Autres informations / 17.06.2011

“les chevaux de l’aga khan” tradition sur papier glacé

 

Une tradition de course et

d’élevage

–Les chevaux de l’Aga Khan

Un livre de Philip Jodidio

288 pages (182 photographies en couleurs)

Livre relié 32 x 23,8 cm 59

euros – Editions Prestel

 

Voici un ouvrage qui réjouira

les fans de la casaque verte à épaulettes rouges… et passionnera aussi tous

ceux qui s’intéressent au pur sang. "Les chevaux de l’Aga Khan" est

un beau livre (toujours cette fameuse catégorie d'ouvrages au format imposant,

solidement reliés et ornés de belles photos), mais aussi un livre profond.

Profond, dense et complet.

 

Les cinq grandes parties du

livre, déclinées dans le sommaire, le montrent bien : conversation avec Son

Altesse l’Aga Khan (20 pages), d’une génération à l’autre (portraits de la

dynastie en une centaine de pages), ce qui fait un bon cheval de course (50

pages), le soutien de l’Aga Khan à l’industrie des courses (30 pages) et dix

chevaux de l’Aga Khan (60 pages de portraits hippiques) !

 

L’Aga Khan se confie de

manière très directe, comme au sujet de la succession familiale dans les

courses : « Je ne voulais pas être le nouveau propriétaire qui arrive et fait

s’écrouler l’édifice. (…) J’étais un jeune homme néophyte et je trouvais les

succès [hippiques de l’écurie familiale] intimidants. » Le ton est tout en

simplicité et en franchise :

« [A l’époque,] les haras

n’étaient pas aux normes. (…) Les directeurs [des haras] affirmaient : « Nous

ne pouvons pas faire mieux », et les entraîneurs rétorquaient : « Nous ne pouvons

pas entraîner des chevaux fragiles. » » Et encore :

« J’essayais d’assister à un

maximum d’entraînements et je prenais des notes. Je me rendais à toutes les

courses, même aux courses à réclamer. J’ai appris le programme des courses,

parce que sans le comprendre, il est difficile de mener à bien une écurie. »

 

Les passages sur la relation

du Prince avec François Mathet sont passionnants.

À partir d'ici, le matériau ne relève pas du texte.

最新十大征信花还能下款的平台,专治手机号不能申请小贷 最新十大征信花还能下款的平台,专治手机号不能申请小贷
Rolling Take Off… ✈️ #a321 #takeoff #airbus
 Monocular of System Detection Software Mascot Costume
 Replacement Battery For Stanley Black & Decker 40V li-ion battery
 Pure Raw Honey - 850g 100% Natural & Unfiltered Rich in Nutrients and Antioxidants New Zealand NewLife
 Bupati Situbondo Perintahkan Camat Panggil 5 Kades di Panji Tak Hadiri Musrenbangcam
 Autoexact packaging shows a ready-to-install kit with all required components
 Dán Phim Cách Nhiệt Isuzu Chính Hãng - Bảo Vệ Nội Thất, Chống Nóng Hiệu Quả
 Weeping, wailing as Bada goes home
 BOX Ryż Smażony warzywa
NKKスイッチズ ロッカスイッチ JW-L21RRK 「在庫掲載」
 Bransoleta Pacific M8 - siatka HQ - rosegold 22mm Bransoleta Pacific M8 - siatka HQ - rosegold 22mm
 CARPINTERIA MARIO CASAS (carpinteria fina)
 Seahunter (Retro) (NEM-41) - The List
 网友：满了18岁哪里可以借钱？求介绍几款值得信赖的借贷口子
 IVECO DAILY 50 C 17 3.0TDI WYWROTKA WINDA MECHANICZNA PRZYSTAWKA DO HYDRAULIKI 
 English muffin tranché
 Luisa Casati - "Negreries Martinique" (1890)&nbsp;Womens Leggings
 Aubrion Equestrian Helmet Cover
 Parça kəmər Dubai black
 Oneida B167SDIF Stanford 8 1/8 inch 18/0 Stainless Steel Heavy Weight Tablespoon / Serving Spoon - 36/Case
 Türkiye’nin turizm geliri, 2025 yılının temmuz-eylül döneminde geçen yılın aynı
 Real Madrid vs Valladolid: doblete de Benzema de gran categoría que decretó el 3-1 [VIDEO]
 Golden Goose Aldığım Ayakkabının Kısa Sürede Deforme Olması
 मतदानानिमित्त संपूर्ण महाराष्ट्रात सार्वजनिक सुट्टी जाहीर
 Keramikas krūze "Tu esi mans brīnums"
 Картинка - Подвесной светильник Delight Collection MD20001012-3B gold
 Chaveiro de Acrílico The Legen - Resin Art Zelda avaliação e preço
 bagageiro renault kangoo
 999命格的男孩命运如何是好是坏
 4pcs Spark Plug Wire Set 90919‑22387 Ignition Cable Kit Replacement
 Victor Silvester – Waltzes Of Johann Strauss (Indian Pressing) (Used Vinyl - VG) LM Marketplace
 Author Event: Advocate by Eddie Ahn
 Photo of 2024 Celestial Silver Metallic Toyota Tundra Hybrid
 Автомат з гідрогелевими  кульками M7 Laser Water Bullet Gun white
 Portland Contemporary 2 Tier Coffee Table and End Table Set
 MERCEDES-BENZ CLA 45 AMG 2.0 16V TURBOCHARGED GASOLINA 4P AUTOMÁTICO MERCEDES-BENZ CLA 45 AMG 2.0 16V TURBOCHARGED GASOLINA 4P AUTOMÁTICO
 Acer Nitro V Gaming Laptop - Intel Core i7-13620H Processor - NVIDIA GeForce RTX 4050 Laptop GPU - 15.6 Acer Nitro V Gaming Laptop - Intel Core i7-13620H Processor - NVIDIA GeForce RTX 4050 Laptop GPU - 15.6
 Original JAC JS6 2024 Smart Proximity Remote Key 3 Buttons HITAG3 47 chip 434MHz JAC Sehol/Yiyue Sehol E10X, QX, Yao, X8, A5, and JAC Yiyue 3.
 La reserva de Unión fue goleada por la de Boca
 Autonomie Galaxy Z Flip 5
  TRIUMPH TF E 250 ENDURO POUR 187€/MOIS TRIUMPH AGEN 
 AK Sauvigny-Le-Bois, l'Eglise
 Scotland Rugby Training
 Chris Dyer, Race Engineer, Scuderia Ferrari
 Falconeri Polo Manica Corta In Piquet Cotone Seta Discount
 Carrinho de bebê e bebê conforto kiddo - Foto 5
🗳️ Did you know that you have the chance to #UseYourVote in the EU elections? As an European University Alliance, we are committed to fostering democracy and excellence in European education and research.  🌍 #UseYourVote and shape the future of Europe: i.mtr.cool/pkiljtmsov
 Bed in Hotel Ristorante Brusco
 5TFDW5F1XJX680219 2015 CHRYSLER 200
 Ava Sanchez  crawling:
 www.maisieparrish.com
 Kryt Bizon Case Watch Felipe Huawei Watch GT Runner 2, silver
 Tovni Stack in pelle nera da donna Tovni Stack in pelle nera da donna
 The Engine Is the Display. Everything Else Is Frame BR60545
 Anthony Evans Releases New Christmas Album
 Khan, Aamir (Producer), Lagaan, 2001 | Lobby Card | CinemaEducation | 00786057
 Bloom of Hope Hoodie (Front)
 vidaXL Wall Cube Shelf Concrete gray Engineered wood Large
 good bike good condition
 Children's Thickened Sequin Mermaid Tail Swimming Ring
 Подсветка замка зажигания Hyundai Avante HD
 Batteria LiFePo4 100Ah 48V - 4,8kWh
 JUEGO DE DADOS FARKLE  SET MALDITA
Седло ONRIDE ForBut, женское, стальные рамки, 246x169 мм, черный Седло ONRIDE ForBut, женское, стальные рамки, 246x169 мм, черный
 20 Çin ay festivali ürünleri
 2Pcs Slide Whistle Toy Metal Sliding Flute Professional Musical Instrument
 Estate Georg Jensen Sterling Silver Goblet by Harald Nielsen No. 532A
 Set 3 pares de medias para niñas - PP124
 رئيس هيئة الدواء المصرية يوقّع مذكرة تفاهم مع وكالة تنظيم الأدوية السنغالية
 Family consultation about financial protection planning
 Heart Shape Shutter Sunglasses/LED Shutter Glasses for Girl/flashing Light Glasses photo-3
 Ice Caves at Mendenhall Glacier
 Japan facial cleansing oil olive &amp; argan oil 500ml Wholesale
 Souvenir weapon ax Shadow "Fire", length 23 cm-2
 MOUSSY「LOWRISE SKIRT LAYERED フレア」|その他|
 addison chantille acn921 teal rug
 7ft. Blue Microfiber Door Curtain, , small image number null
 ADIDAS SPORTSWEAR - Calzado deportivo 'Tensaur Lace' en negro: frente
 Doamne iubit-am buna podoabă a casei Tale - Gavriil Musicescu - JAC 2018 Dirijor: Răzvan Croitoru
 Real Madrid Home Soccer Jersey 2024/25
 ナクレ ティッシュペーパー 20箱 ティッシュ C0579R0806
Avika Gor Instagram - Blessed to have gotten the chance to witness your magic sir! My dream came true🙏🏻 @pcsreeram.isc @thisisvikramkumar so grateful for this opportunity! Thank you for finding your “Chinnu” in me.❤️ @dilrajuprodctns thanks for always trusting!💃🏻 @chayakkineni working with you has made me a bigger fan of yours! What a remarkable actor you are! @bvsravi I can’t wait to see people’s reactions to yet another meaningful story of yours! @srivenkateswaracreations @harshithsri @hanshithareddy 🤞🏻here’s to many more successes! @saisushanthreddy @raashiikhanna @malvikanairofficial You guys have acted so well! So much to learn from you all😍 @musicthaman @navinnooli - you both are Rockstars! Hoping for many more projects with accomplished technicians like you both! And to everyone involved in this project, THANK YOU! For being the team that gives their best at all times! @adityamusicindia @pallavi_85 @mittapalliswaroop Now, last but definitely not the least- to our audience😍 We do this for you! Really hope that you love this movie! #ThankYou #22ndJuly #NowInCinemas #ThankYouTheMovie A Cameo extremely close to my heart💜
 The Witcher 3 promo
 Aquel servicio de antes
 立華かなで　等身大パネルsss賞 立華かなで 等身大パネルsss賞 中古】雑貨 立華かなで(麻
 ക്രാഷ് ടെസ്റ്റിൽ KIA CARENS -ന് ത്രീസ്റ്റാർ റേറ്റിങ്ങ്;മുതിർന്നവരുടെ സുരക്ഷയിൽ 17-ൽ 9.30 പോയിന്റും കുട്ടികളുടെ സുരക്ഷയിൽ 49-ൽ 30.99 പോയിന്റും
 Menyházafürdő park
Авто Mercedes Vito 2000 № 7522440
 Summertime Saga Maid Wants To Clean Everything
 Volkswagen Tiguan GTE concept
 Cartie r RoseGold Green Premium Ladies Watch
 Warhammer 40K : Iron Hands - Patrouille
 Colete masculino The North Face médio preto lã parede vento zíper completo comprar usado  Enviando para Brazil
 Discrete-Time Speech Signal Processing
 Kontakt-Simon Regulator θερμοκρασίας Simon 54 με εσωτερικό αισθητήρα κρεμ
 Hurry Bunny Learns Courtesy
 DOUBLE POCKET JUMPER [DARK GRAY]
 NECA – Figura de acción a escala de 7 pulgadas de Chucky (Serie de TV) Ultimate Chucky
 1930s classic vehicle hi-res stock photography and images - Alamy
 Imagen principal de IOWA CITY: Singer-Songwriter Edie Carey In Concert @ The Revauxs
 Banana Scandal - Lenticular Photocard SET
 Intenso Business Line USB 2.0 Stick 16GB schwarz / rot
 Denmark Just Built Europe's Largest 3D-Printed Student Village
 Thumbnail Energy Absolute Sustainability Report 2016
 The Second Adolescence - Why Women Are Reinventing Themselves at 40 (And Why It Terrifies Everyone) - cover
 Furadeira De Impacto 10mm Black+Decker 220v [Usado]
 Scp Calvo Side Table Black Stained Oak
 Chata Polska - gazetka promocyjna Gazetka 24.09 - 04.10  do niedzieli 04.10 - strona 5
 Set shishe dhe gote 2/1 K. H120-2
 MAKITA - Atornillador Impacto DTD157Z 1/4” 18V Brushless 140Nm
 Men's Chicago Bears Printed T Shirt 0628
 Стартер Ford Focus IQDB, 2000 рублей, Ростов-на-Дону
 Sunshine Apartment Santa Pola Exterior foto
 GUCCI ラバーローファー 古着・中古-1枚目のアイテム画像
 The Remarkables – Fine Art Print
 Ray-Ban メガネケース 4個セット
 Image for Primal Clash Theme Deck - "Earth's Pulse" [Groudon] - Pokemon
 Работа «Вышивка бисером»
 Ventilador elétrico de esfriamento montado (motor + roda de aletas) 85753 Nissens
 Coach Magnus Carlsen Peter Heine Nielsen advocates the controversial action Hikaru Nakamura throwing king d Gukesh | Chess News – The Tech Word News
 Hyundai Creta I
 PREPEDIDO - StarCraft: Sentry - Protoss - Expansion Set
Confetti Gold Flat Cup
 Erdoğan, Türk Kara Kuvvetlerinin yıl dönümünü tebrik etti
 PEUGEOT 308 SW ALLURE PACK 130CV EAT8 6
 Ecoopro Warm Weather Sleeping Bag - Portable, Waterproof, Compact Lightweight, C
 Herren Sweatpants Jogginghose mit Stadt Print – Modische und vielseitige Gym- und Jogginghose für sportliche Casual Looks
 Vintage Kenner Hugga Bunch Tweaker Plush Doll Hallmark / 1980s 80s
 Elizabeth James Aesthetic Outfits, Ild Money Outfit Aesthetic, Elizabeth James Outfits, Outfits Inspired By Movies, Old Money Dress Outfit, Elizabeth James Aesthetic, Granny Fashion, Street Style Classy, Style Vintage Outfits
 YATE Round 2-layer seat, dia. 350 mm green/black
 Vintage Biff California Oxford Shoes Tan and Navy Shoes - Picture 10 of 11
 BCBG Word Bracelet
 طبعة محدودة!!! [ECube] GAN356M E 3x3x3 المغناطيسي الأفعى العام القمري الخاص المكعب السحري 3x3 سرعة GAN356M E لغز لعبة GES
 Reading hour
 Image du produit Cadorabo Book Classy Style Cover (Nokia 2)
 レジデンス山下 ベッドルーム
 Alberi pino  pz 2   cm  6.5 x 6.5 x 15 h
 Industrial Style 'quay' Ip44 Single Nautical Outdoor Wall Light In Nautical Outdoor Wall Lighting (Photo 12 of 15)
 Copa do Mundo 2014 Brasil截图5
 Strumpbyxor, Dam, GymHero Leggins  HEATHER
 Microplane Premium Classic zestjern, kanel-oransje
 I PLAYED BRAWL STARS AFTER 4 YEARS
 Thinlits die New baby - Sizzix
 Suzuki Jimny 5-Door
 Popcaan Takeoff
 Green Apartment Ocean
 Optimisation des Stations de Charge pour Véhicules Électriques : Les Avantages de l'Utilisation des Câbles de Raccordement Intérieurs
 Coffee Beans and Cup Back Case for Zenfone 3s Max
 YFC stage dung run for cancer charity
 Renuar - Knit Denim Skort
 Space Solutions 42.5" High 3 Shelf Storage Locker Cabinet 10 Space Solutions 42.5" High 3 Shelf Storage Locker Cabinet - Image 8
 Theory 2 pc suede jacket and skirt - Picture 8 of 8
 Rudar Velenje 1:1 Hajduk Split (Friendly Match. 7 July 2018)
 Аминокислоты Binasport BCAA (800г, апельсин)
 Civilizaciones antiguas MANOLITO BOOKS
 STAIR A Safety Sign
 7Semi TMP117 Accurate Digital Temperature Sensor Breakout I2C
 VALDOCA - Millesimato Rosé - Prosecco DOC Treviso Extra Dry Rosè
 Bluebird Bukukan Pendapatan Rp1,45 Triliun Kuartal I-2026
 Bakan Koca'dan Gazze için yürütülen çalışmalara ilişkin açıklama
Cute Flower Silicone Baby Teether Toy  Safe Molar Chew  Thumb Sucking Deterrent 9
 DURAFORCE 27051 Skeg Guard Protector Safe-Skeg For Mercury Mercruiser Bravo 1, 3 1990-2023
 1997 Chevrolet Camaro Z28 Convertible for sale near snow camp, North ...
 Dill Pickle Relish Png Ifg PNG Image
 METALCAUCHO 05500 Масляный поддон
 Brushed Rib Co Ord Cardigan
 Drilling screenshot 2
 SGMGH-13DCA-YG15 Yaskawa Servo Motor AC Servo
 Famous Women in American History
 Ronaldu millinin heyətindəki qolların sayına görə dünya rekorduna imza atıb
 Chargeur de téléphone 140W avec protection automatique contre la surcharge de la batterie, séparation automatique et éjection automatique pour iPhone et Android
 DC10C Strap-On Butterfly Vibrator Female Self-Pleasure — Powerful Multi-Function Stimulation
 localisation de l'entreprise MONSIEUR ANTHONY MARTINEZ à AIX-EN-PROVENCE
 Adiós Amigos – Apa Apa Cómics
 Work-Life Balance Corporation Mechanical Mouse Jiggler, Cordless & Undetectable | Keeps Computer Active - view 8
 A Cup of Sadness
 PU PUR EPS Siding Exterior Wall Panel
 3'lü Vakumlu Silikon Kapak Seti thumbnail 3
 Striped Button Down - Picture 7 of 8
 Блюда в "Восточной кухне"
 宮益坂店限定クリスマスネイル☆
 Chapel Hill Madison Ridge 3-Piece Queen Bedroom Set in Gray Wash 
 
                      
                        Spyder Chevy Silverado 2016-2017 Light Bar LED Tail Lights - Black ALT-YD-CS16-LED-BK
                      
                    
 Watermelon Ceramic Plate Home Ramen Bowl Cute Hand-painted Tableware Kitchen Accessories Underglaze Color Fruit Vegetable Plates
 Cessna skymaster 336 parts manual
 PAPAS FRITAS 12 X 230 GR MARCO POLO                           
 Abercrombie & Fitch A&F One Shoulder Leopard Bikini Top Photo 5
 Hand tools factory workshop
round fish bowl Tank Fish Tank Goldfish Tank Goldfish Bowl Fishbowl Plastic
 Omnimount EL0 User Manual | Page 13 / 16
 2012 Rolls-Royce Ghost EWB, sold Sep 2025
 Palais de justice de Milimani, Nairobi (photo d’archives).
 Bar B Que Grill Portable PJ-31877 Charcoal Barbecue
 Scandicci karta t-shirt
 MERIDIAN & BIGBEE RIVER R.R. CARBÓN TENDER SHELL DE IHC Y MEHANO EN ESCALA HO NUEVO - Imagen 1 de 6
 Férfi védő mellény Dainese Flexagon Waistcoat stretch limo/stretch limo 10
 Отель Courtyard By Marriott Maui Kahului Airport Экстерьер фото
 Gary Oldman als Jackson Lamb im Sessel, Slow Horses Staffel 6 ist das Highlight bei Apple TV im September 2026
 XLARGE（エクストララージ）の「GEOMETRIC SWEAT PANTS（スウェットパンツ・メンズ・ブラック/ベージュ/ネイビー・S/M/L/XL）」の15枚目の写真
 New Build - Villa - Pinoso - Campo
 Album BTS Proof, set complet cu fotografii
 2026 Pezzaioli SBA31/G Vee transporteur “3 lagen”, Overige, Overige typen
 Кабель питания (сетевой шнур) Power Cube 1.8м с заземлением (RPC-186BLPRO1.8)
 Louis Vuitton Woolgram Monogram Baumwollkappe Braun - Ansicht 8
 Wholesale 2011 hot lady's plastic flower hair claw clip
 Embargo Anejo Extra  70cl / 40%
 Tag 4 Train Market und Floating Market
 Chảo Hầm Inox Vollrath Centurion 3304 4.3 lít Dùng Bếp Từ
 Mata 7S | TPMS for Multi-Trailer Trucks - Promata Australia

Plus inattendu est le long paragraphe

consacré à un manuscrit enluminé de la fin du XVe siècle, rédigé pour forger

les connaissances hippiques du jeune roi Louis XII. « Ce document est fascinant

car il révèle les principes de base permettant d’avoir un impact sur la vie

d’un cheval » explique le Prince.

L’interview se termine par

cette définition de l’élevage de chevaux de courses, que Son Altesse l’Aga Khan

avait déjà choisie lors d’une longue interview accordée à JDG à l’automne 2008

: « Une palpitante partie d’échecs contre la nature. »

 

Par ailleurs, tout éleveur

lira avec intérêt le chapitre intitulé

« Ce qui fait un bon cheval

de course ». Il regorge d’anecdotes et de remarques qui valent pour tous les

élevages ou presque. Citons cet exemple : « La forme actuelle des boxes [de

Bonneval, en croissant de lune,] a été mise en place pour obtenir un niveau

maximum d’exposition au soleil. (…) La lumière et la chaleur améliorent le

processus de croissance du cheval ».